Wajah Sakura agak memerah. Ia tampak terkejut dengan pertanyaan Naruto. Tapi kemudian ia kembali tersenyum sambil menjawab dengan tegas.

"Ya, aku suka Sasuke." Ia menjawab. "Sudah lama aku ingin bertemu lagi dengannya. Maka dari itu, waktu di mail ia bilang akan ke Osaka waktu libur musim semi, aku menawarkan diri untuk memandu," jelasnya jujur. "Maaf ya, Naruto-kun, motifku tampak tidak tulus." Ada sedikit rasa bersalah nampak di ekspresi Sakura.

Namun Naruto paham betul alasan seperti itu. Ia tahu sungguh bagaimana rasanya ingin bersama dengan seseorang entah bagaimanapun caranya. Karena itu, ia tahu ia tidak akan bisa merasa kesal dengan Sakura lagi.

"Tidak apa, Sakura-san." Ia mencoba tersenyum. "Aku yang berterima kasih karena kau telah memandu kami disini. Sasuke pun juga jadi bisa bernostalgia tentang masa-masa SMP-nya."
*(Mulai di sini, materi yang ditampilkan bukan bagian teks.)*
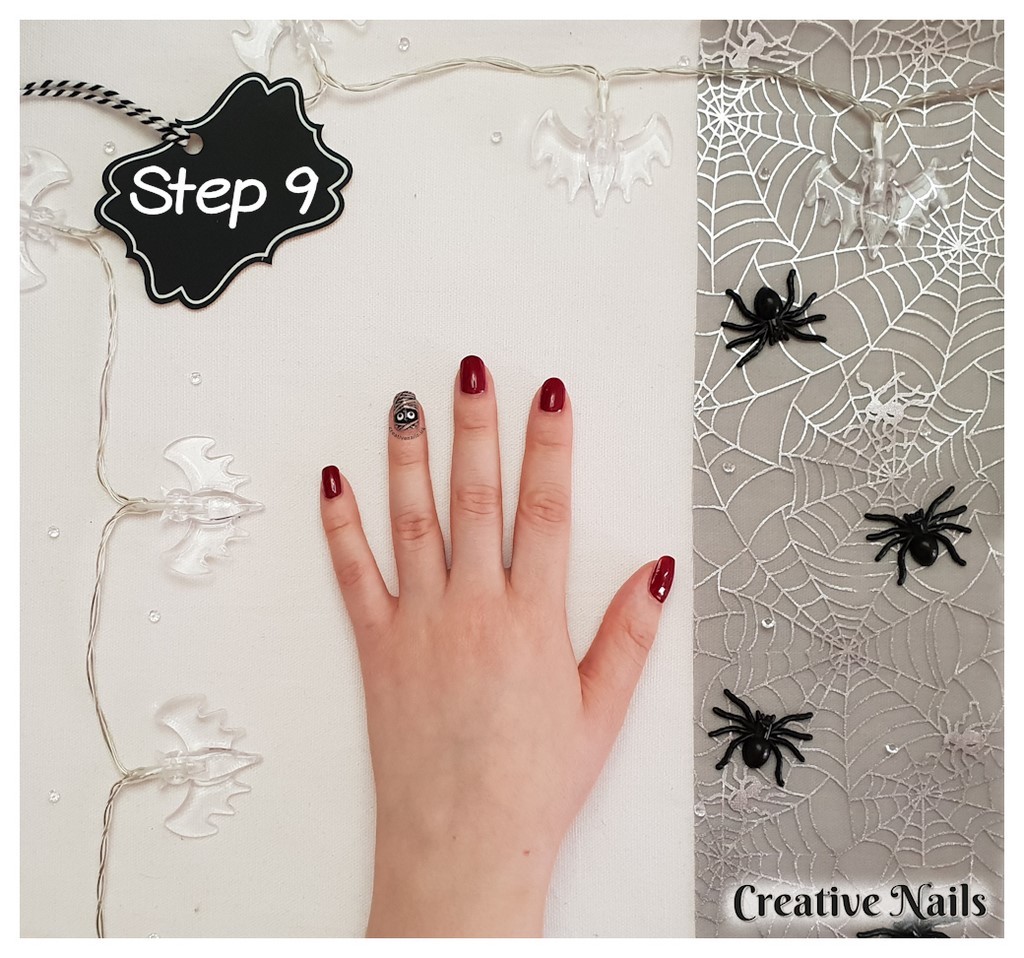 mummy nail designs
Sakura ikut tersenyum lagi. "Ne, Naruto-kun… Tapi Sasuke-kun belum punya pacar kan?"

Naruto sedikit kaget mendengar pertanyaan itu, namun ia lalu segera menjawabnya. "Kelihatannya belum…"

Mendengar itu Sakura terlihat lega. Ia tidak mengatakan apa-apa lagi sampai akhirnya Sasuke kembali.

Yang tertinggal hanyalah pikiran Naruto yang sekarang sibuk mencerna segala sesuatunya. Sakura sudah jelas menyukai Sasuke. Sasuke memberi balasan kepada Sakura di White Day. Bukankah itu sudah jelas?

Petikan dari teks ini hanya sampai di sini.